Economic and Stock Market Commentary for the week of August 1, 2017Submitted by Ralicki Wealth Management & Trust Services on August 1st, 2017
The economic fundamentals remain largely supportive. On point, the past few weeks have seen notable recoveries in housing starts and building permits (up 8.3% and 7.4%, respectively, in June), reassuring stability in new and existing home sales, a solid upswing in consumer confidence, and a better-than-expected 0.6% increase in the leading economic indicators. Such strength more than offset sluggish sales at car dealers last month and some slippage at retail outlets. Importantly, these largely supportive trends were sustained while inflation was held securely in check.
We think the picture will change little as the second half proceeds. In all, we expect further unevenness on the consumer front, continued modest strides in housing, evolving strength on the industrial side, and the ongoing absence of inflationary pressures. Such a stable outlook made it a very easy call for the Federal Reserve last week, as the central bank voted to keep interest rates unchanged, while suggesting that it would begin winding down its stimulus program shortly by a sale of a small portion of its holdings of Treasury bonds.
There are some longer-range questions that will need answers, however.
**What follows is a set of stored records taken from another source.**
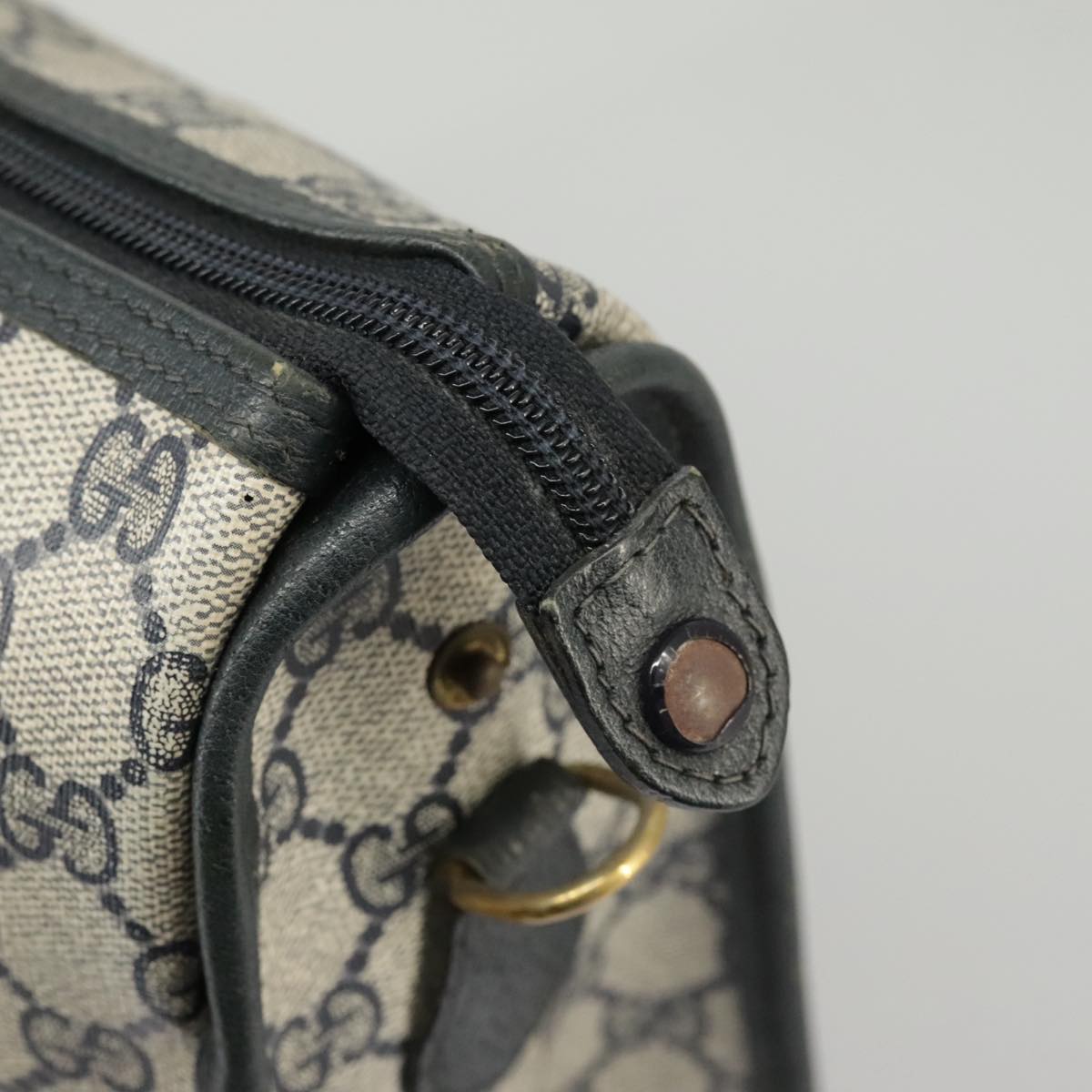 GUCCI GG Supreme Sherry Line Hand Bag PVC 2way Navy Red 58 02 039 99707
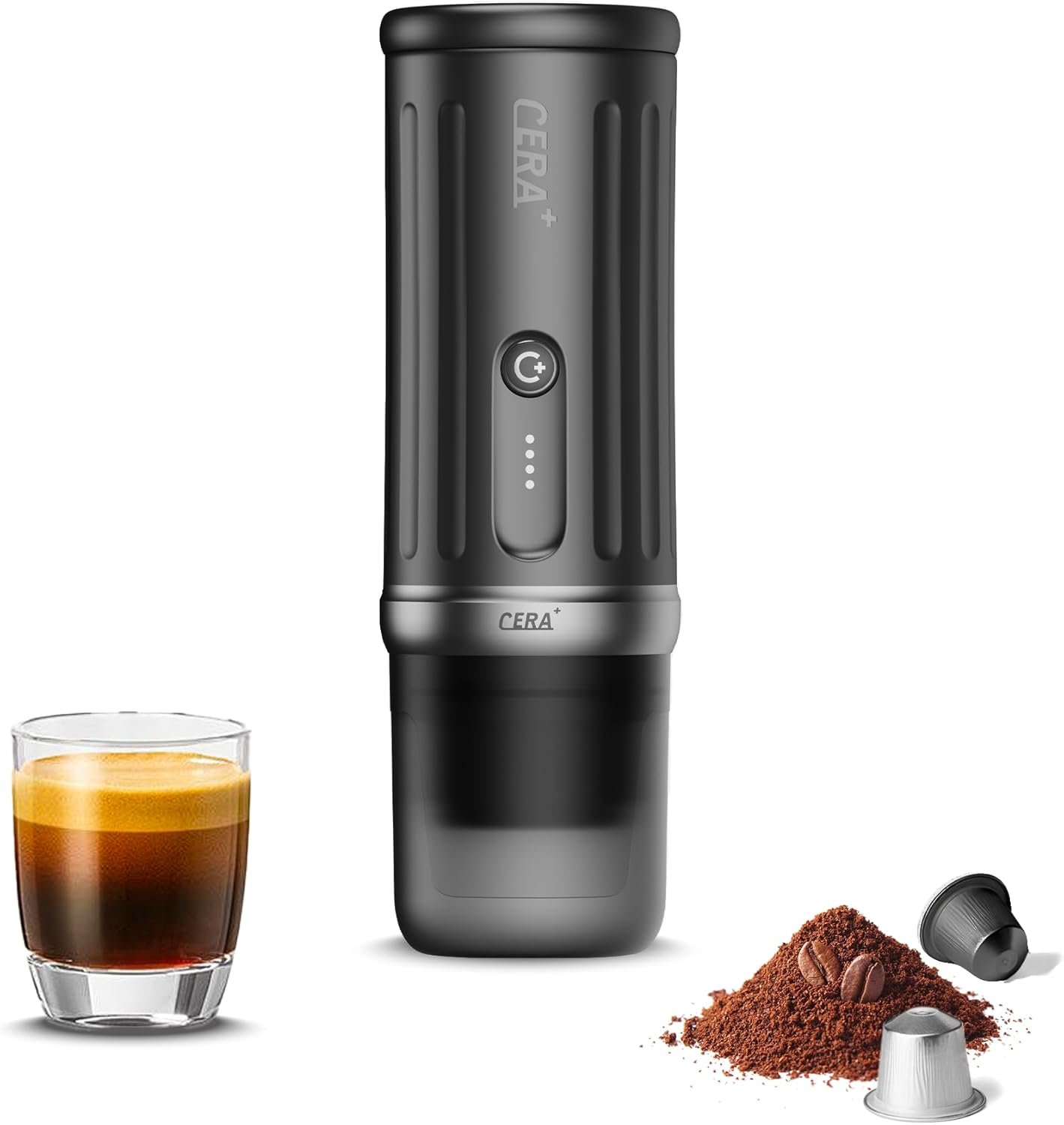 CERA+ Self-Heating Portable Espresso Machine,Up to 8 Cups per Charge & 20 Bar, 13500mAh, CERApresso Works with NS Capsules & Grounds, Electric Coffee Maker for Camping,Hiking,Office,Car,Travel,Office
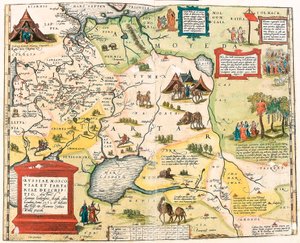 Rusko, Moskva a Tartarie. od Antonia Jenkensona Anglo, vydané v Londýně v roce 1562 Zeměpisná mapa území Ruska z „Theatrum Orbis Terrarum“ od Abrahama Orteliuse (Oertel, Ortell nebo Ortel od Abraham Ortelius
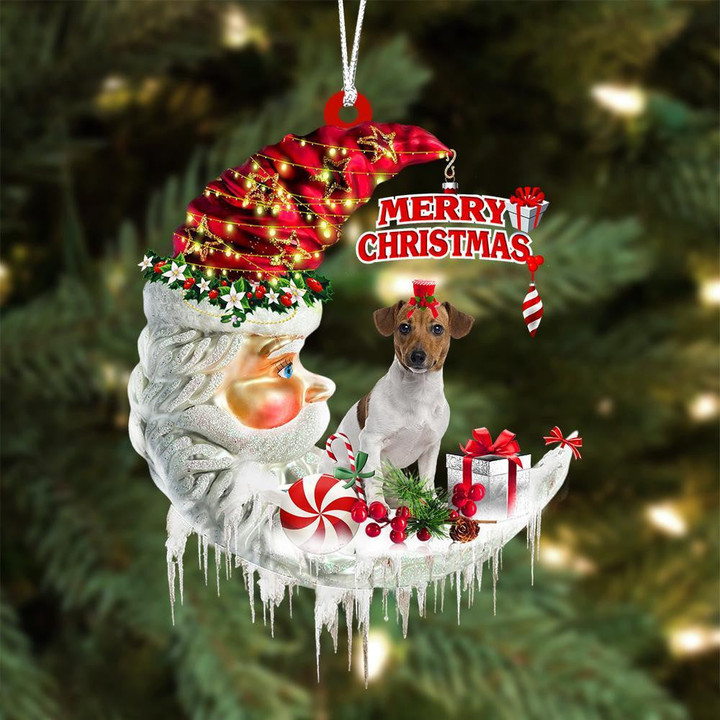 Jack Russell Terrier On The Moon Merry Christmas Hanging Ornament Flat Acrylic Dog Ornament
Specifically, the Fed must yet roll back years of historic monetary accommodation, a process will have the wherewithal to fight the next recession. Also, there is the uncertain legislative outlook in Washington to consider, as well as the ever more dangerous global situation.
Meanwhile, the profit outlook is encouraging. Here, as with the economy, the fundamentals are supportive, as about three-quarters of all companies reporting results thus far this quarter have exceeded the consensus expectations, a profit performance that is giving Wall Street’s optimists broad support.
Clearly, the bulls still hold the high ground. Going forward, however, their grip might not be quite as firm as it was earlier in the year. That’s when equity prices were lower and the path to health care revision, further deregulation, tax reform, and infrastructure revitalization all seemed better defined.
Conclusion: The market outlook is still positive, overall, as the economic and profit variables affecting equity prices remain largely supportive. So, better-quality stocks can still be accumulated, even though lofty P/E multiples now make the level of market risk rather high.